Extreme weather events have been a commonplace this last year, so we support the metaphorical analysis that a perfect storm of disease is out there – one that has already been fed by earlier storms of neglect and complacency, but which is now being further fed by a bunch of hurricane strength storms of their own. They make for a depressing list: the original “hurricane Mycobacterium tuberculosis”, combined with “hurricane HIV/AIDS”, and “hurricane ever-developing drug resistance” rampaging alongside "hurricane challenging-older-drug regimes". These in turn are being fed inxorably by fed by “cyclone poverty”, by “cyclone insufficient infrastructures”, by “cyclone medical brain drain”, by “cyclone inhumanity-in-the-field-of-drug research and development”, by “cyclone funding gaps”, by “hurricane lack-of-vaccine”, and by “tropical storm under-reporting and under-diagnosis”.

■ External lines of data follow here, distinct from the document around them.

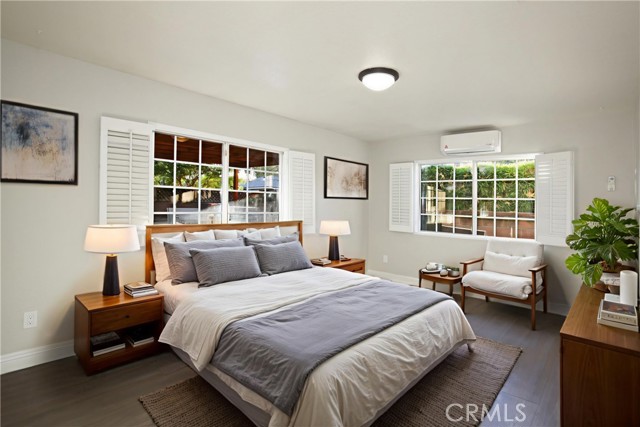 Detail Gallery Image 26 of 45 For 9305 Downey Ave, Downey,  CA 90240 - 4 Beds | 4 Baths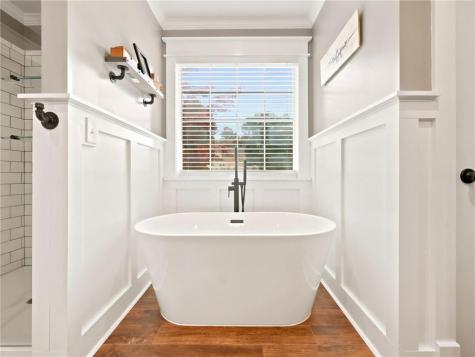 460 Kerry Drive Jasper GA 30143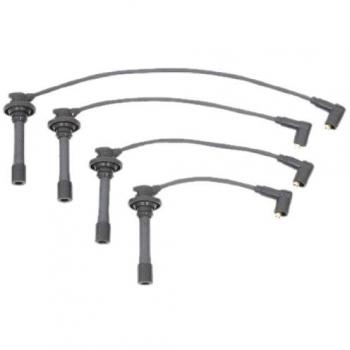 Jogo de cabos de ignição IC-H22 JAPANPARTS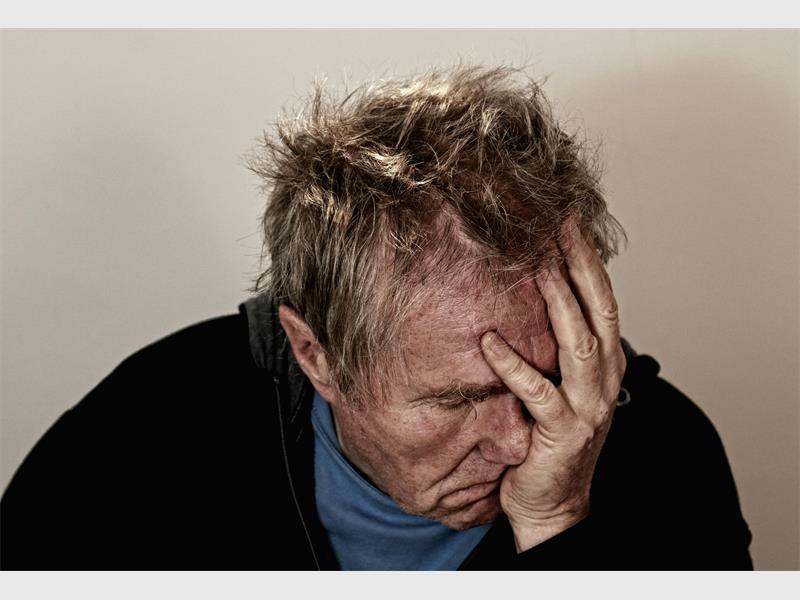 The Office of the Pension Funds Adjudicator gives clarity on the two-pot retirement system.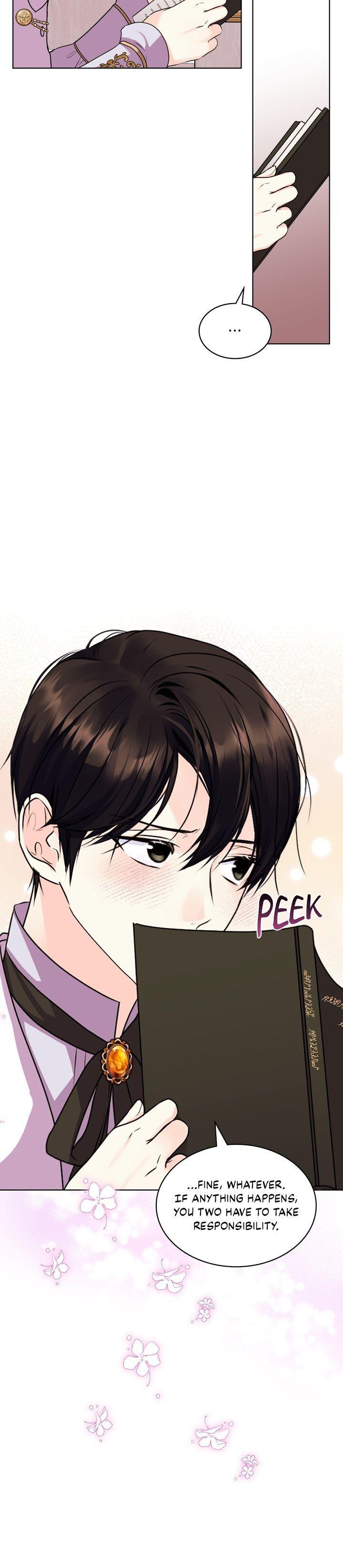 Page 18 of Chapter 72.7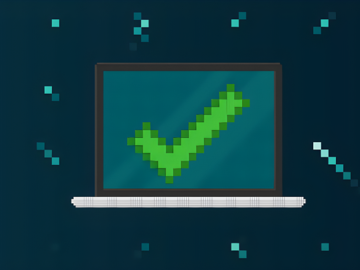 Embarking on a Compliance Journey? Here’s How Intruder Can Help vulnerability management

The strategic targets described above are more than troublesome in the light of all of this. The idea that death rates can still be halved in Southern Africa in a thousand days, for instance, seems fanciful at best if not ludicrous; the idea that the disease can be eradicated within 37 years is laudable but currently fantastic without seriously cheap new drugs, a post exposure vaccine, the implementation of a worldwide fully regulated TB control program resourced by a motivated workforce, and a significant reduction in poverty.
Can simple moxa make a difference with so many complexities making progress so challenging… actually we’d still suggest that maybe it can if we see the results we anticipate in Kampala - at least in the short to medium term while (hopefully) the research manages to catch up with the disease – particularly so in those environments with the worst deficiencies of infrastructure where this appalling drug resistant “syndemic” is on the loose.